Working four days a week at the home, Danielle attended college on Tuesdays to study for a level 2 qualification in health and social care. The new experiences she had encountered at Manor House were invaluable, bringing practical knowledge to the theory she was learning on the course.
Just under one year after starting her Apprenticeship, Danielle was delighted to be offered a permanent full-time position at Manor House, and is rightly proud of her new title of ‘health and social care assistant’.
Danielle said: “If I had just done my qualification at college, I wouldn’t have been able to do the work as well as I do it now – it was so much better for me to learn on the job.”
She’s now preparing for further study and is determined to continue and progress in this field. She’s proud of her achievements, and that she has such a satisfying job.
After completing an Apprenticeship in health and social care, Sam works as a healthcare assistant, and has ambitions to now complete a nursing course.
Sam’s career story started when her and her mum returned to the UK, after living and studying in Spain for over 10 years. Sam’s mum took a job in a care home, and although Sam had no previous experience in the sector, she knew she had the right attitude and values to also work in social care.
After looking round one of the care homes, Sam felt a great empathy with the residents, most of whom were receiving stroke rehabilitation care. Sam decided that a career in nursing would be a great option for her.
With only Spanish recognised qualifications, Sam received a lot of support from the care home and from a training provider in completing her GCSE English and Maths. Sam studied for these qualifications whilst working as a full time healthcare assistant in the home, before starting her Apprenticeship in health and social care.

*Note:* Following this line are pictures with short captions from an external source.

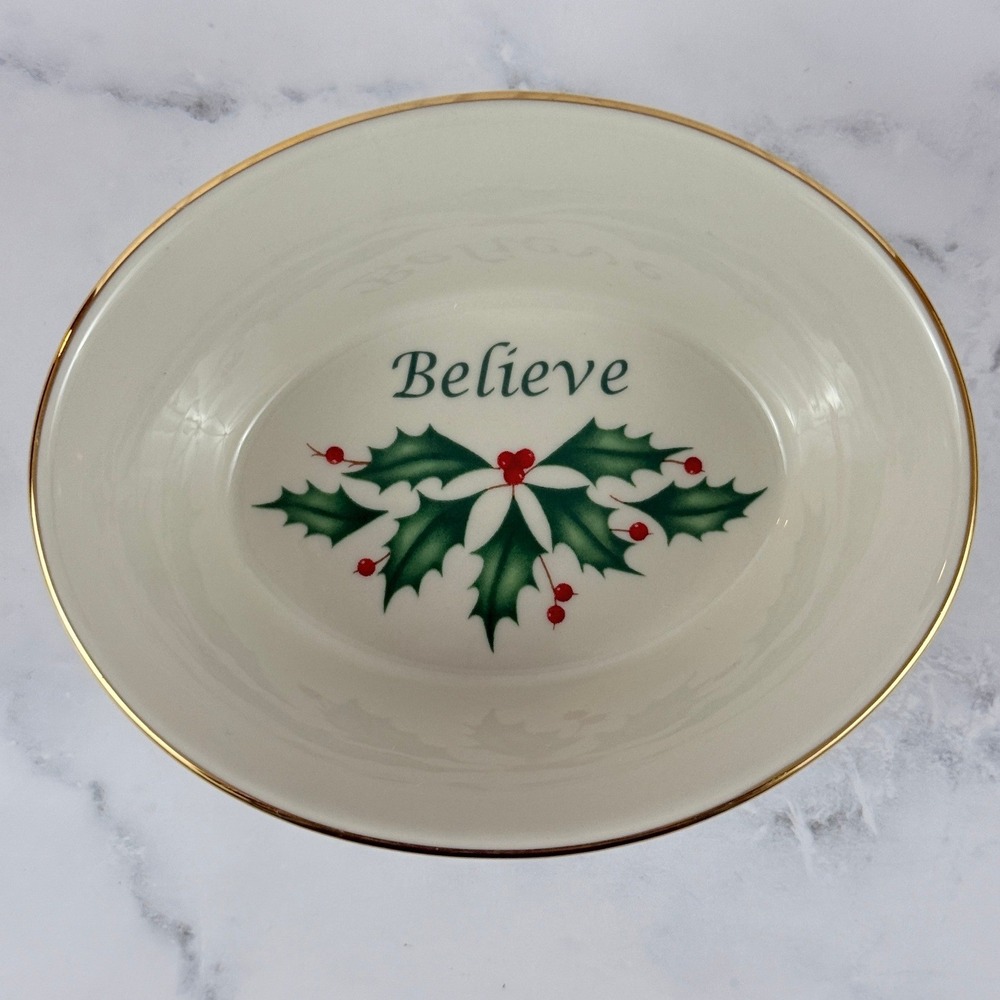 Lenox Holiday Sentiment "Believe" Oval Petite Trinket Dish Bowl 5" X 4"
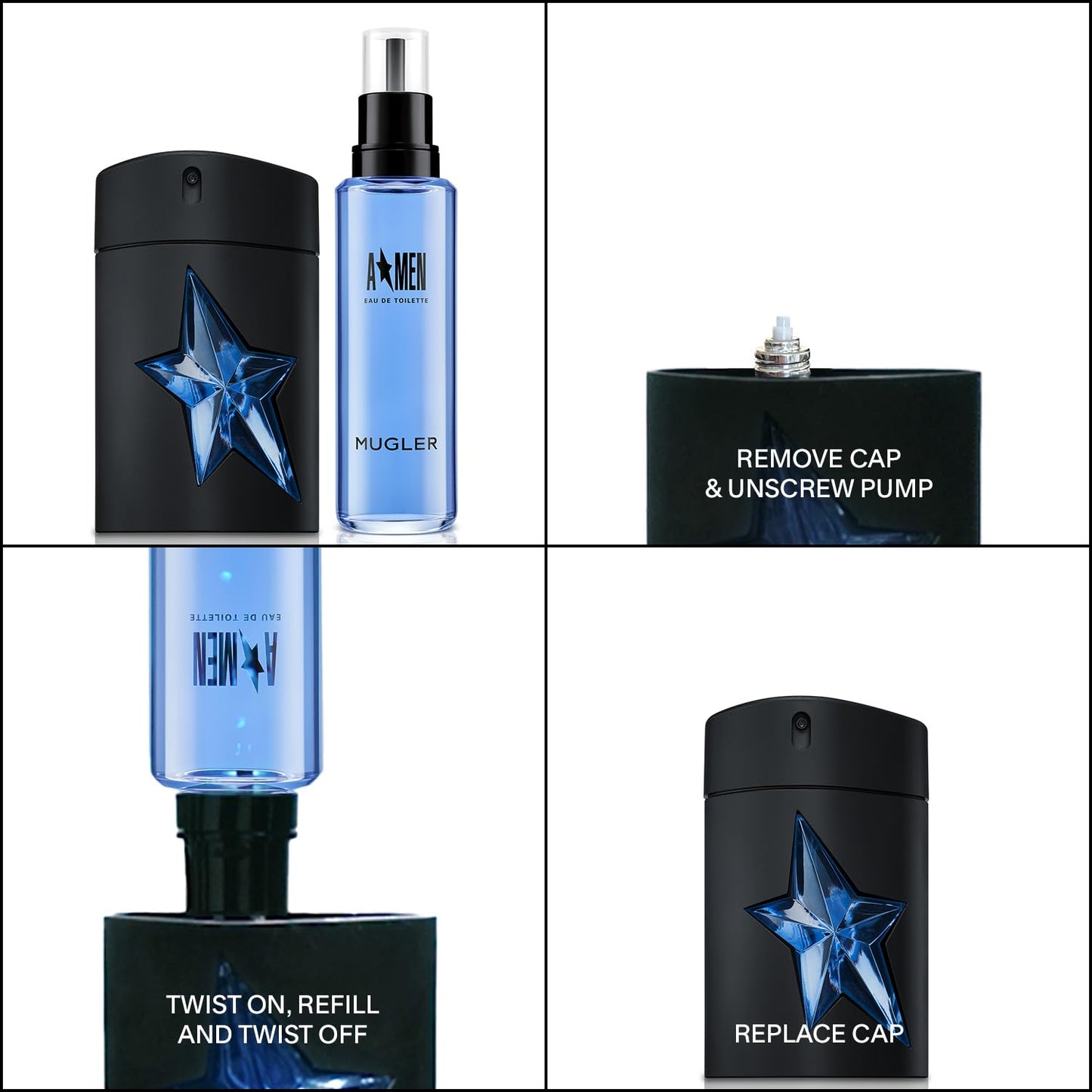 Mugler A*Men Eau de Toilette | Long-Lasting Men's Cologne with Woody & Ambery Notes, Patchouli & Coffee Extract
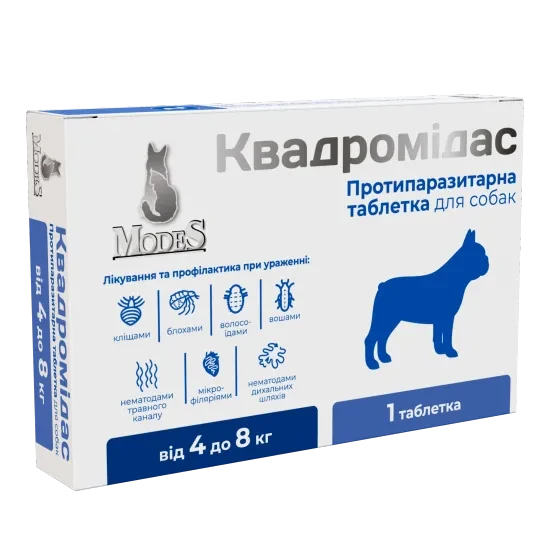 Квадромідас протипаразитарні таблетки від бліх, кліщів, гельмінтів для собак 4-8 кг, 0,4 г, MODES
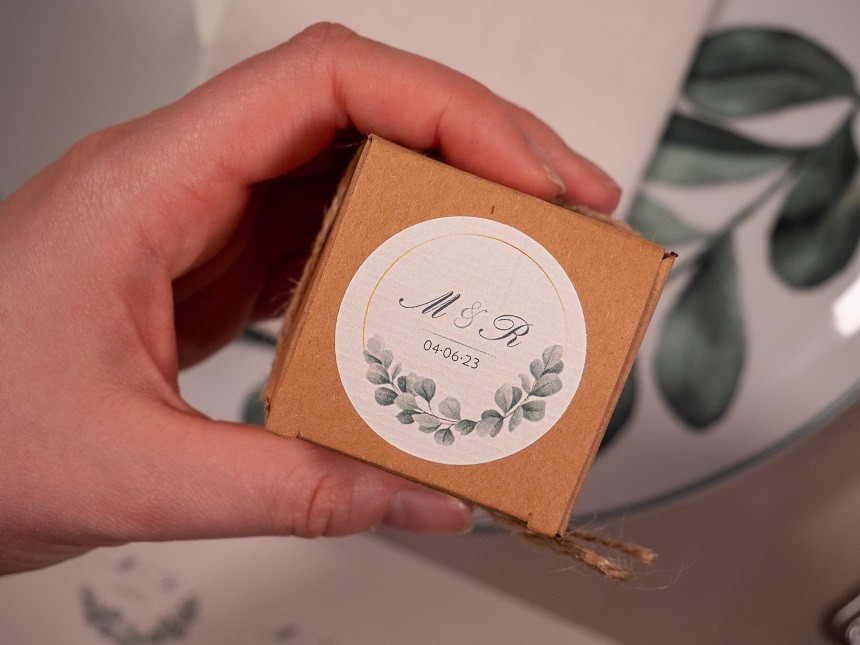 Etiquettes mariage en papier crème texturé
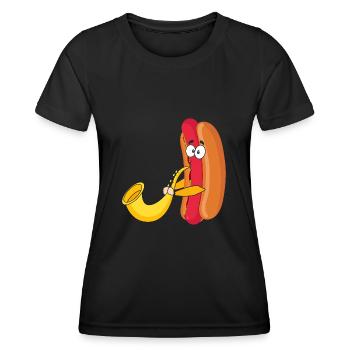 Saxophonist Saxophone Wurst Music Musician - Women's Functional T-Shirt - black - Front - AI Model Female 172 light (172cm)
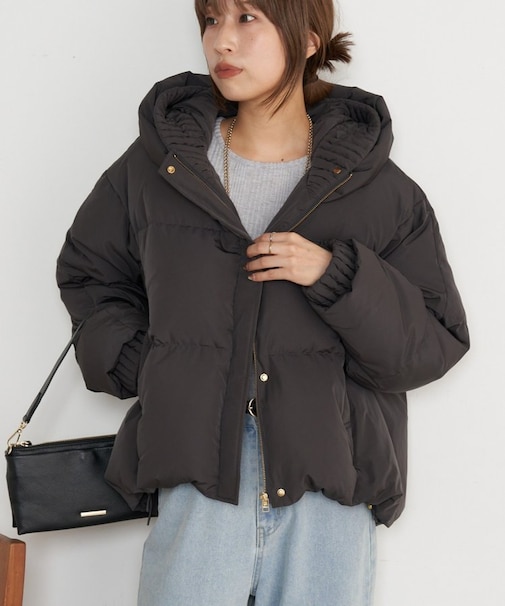 リブ襟ショートダウン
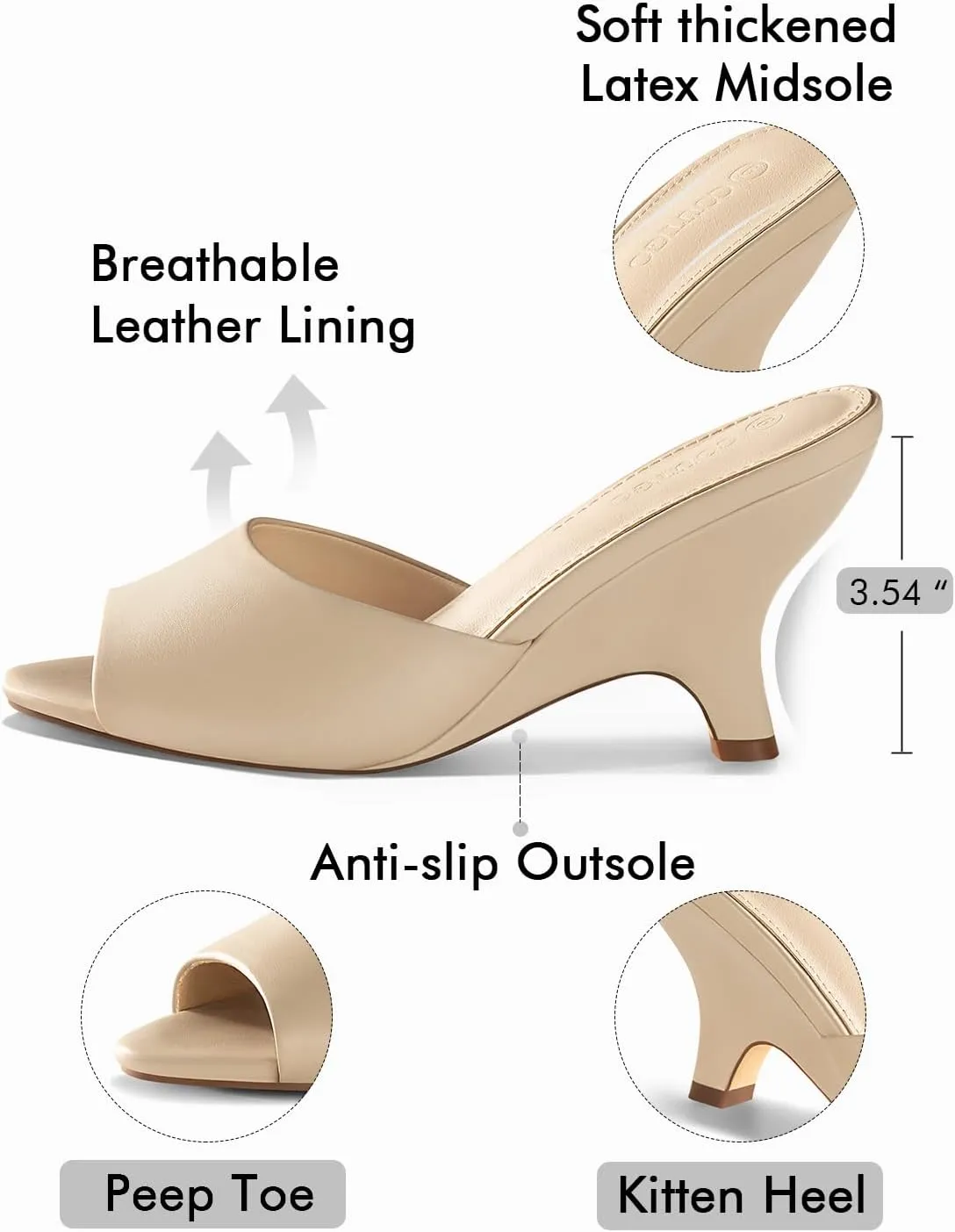 Coutgo Womens Wedge Heels Sandals Pointed Open Toe Slide Sandals Slip On Backless Summer Dress Shoes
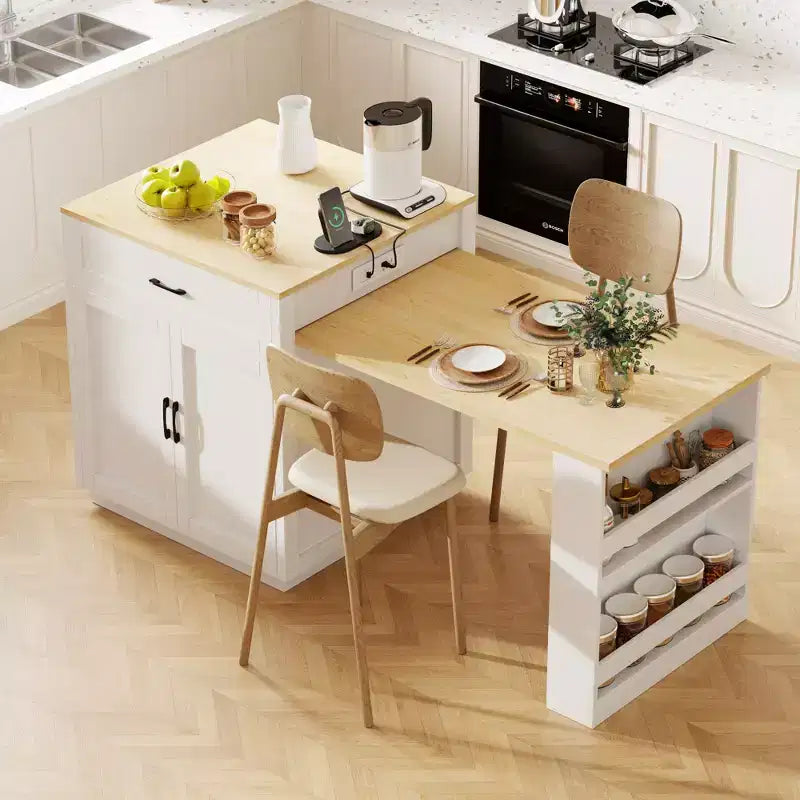 Îlot de cuisine avec table à manger extensible et rangements intégrés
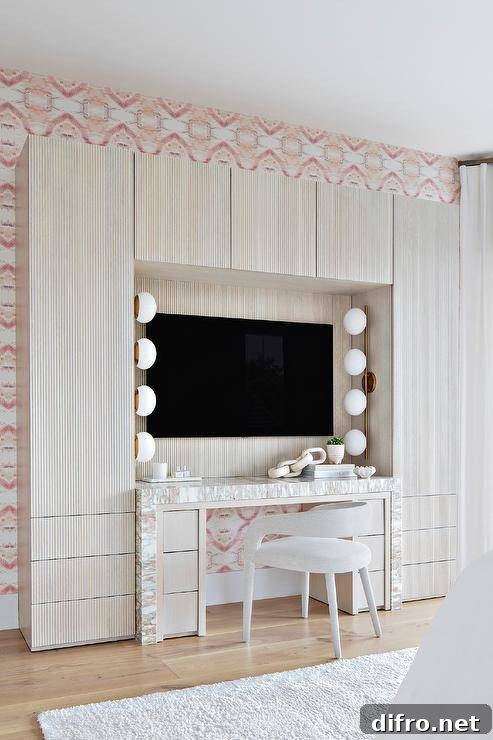 A white sleek vanity chair sits at a pink and gray marble waterfall edge makeup vanity fixed against a reeded backsplash beneath a flat panel TV.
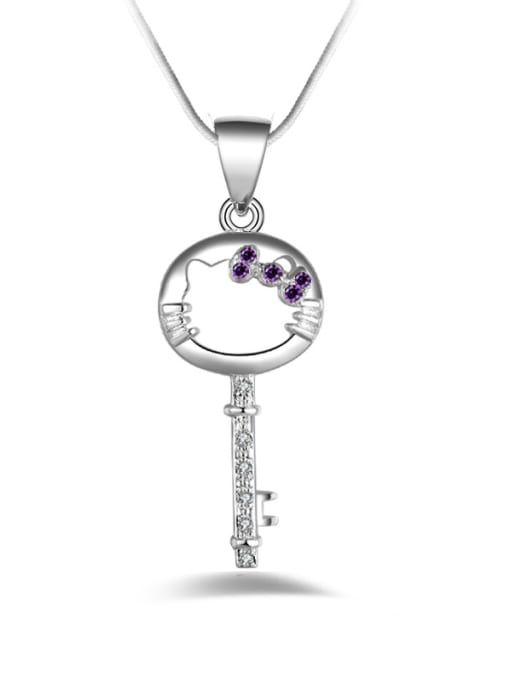 Purple Fashion Hello Kitty Key Pendant Copper Necklace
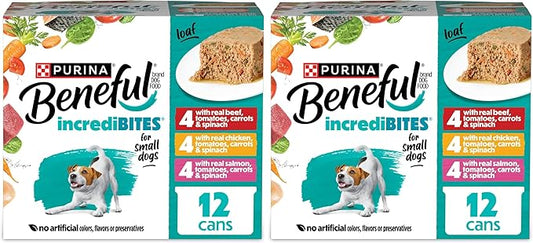 Beneful Purina Small Breed Wet Dog Food Variety Pack,IncrediBites Loaf,Chicken,Beef and Salmon Flavors - 3 oz. Cans,(Pack of 48)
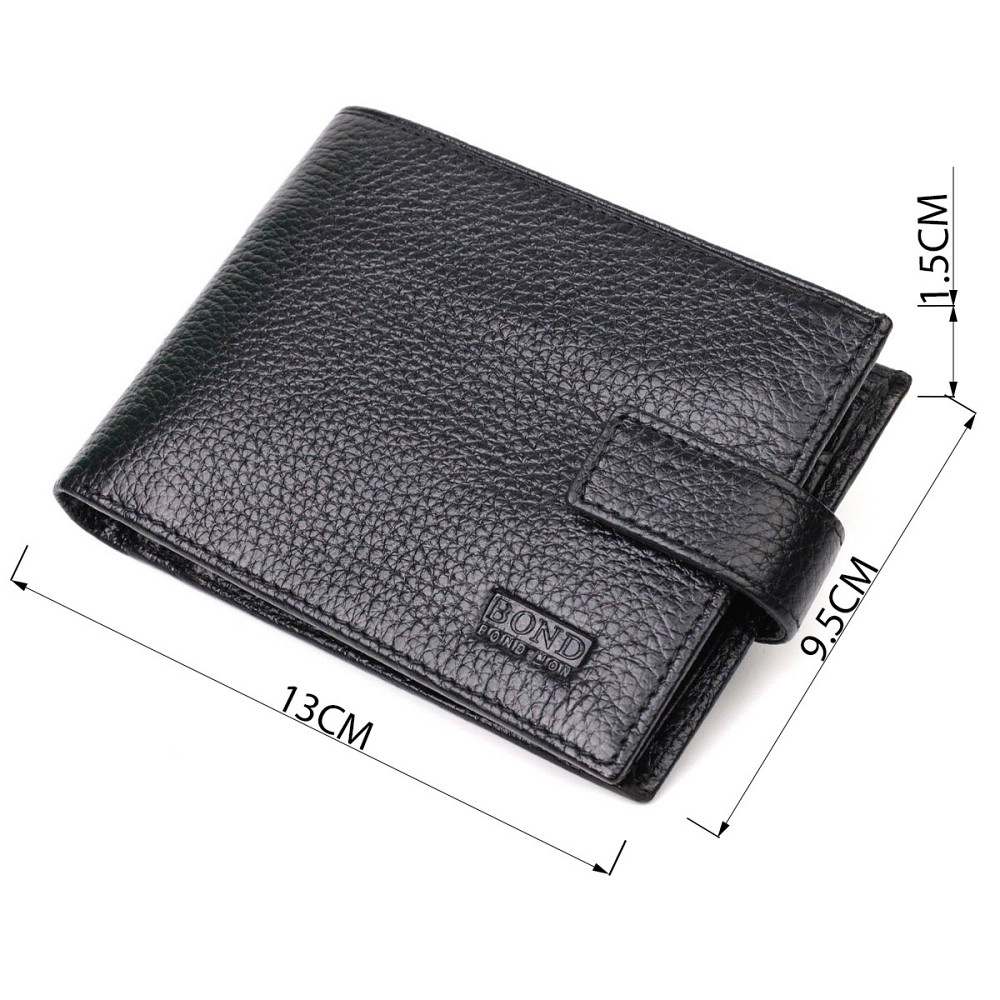 Чоловічий горизонтальний гаманець з натуральної шкіри BOND 22042 Чорний Київ - фото 3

Having not studied for a while, she was unsure about how well she would do, and was not initially very confident about her abilities. However, she slowly gained confidence when she realised that her work was meeting the required standard time after time and that her managers and assessors were more than happy with her progress.
Sam found that the academic aspect of her Apprenticeship helped a great deal with her job; the case studies that she was required to document helped her to challenge and improve working practices in her workplace.
Sam was delighted to have completed her Apprenticeship and is now being supported by the care home in the completion of her nursing application.
Sam soon realised that she was achieving something significant, and just how much she has grown in confidence in a short space of time. She believes her Apprenticeship was a great foundation for her nursing training and is really looking forward to applying her new-found confidence during the next phase of learning.